--- START ---

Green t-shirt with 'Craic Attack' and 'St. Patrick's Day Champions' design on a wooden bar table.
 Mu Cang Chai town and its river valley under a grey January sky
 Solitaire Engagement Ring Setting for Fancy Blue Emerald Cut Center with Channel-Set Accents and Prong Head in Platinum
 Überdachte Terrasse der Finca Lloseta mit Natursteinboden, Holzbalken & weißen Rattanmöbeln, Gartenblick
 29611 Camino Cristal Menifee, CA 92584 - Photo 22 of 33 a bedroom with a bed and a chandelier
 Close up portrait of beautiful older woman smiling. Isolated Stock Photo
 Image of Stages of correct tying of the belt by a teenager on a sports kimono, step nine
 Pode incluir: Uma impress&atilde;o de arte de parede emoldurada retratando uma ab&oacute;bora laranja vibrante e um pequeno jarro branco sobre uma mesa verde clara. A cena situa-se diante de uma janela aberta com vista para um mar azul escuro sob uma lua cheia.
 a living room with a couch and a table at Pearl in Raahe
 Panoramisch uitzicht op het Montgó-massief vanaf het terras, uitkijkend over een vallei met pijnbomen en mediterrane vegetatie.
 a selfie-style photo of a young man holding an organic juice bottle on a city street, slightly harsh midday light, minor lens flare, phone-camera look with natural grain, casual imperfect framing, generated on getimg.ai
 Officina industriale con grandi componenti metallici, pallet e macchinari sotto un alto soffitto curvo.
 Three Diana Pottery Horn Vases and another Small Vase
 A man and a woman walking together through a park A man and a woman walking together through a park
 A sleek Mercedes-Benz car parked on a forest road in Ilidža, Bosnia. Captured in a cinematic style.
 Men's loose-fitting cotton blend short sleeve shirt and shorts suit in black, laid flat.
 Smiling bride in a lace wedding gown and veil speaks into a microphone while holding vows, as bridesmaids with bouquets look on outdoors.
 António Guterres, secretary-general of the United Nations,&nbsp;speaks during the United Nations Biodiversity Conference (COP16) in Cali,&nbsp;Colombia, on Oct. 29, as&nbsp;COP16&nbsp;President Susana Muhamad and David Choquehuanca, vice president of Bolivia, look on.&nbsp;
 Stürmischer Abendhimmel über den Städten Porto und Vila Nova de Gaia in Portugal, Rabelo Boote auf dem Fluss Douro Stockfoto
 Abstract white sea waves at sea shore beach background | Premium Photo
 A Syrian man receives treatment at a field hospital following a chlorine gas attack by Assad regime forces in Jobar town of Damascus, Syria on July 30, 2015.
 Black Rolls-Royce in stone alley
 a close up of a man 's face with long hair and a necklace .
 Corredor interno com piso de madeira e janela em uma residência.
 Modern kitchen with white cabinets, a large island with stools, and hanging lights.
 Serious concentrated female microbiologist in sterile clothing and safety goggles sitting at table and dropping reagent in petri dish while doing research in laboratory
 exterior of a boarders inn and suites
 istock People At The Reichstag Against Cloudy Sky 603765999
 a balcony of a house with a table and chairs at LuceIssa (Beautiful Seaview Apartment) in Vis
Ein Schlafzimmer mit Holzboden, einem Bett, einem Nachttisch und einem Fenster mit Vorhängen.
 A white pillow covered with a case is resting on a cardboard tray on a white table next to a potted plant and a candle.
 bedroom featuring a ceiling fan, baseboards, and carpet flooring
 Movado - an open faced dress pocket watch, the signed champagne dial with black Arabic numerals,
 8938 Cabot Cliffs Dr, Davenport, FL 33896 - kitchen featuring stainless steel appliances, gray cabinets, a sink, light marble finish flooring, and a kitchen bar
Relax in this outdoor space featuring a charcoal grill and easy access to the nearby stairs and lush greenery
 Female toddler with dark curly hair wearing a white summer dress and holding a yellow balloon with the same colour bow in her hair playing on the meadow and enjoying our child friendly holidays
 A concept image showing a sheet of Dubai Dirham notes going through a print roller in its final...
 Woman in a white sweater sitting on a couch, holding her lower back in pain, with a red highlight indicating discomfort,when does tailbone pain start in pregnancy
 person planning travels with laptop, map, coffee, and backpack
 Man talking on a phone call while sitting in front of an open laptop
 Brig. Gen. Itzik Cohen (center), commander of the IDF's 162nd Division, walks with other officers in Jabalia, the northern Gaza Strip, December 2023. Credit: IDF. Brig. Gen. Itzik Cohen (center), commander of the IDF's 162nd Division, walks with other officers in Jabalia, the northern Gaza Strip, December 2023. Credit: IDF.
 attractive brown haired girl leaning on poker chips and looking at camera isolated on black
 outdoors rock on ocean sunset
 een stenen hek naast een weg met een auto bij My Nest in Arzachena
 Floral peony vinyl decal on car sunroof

--- END ---

### EXERCISE OBJECTIVE
Taking the records above, retype every line from the one with "Close up portrait" down to the one with "Panoramisch uitzicht op", exactly and with nothing else.

### EXERCISE SOLUTION
 Close up portrait of beautiful older woman smiling. Isolated Stock Photo
 Image of Stages of correct tying of the belt by a teenager on a sports kimono, step nine
 Pode incluir: Uma impress&atilde;o de arte de parede emoldurada retratando uma ab&oacute;bora laranja vibrante e um pequeno jarro branco sobre uma mesa verde clara. A cena situa-se diante de uma janela aberta com vista para um mar azul escuro sob uma lua cheia.
 a living room with a couch and a table at Pearl in Raahe
 Panoramisch uitzicht op het Montgó-massief vanaf het terras, uitkijkend over een vallei met pijnbomen en mediterrane vegetatie.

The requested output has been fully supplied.